Dataset records -
▼

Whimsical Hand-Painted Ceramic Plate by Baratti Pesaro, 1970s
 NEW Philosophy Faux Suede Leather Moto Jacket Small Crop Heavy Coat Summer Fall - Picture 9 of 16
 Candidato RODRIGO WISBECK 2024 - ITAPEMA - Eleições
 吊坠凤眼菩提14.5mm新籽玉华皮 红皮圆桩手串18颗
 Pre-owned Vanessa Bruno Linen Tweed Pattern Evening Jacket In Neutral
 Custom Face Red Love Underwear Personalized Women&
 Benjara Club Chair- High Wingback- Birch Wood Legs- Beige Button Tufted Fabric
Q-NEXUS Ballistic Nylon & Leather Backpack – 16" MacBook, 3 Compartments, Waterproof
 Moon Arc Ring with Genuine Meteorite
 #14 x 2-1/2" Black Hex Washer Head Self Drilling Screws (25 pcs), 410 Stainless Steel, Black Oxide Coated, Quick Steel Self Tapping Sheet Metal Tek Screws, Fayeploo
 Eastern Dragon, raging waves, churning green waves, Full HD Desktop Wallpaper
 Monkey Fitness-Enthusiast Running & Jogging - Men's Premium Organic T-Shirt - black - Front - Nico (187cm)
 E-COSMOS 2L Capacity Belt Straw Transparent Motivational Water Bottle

▲

Exercise details -
The lines above that include "Leather" should each be listed.

Answer to the problem -
 NEW Philosophy Faux Suede Leather Moto Jacket Small Crop Heavy Coat Summer Fall - Picture 9 of 16
Q-NEXUS Ballistic Nylon & Leather Backpack – 16" MacBook, 3 Compartments, Waterproof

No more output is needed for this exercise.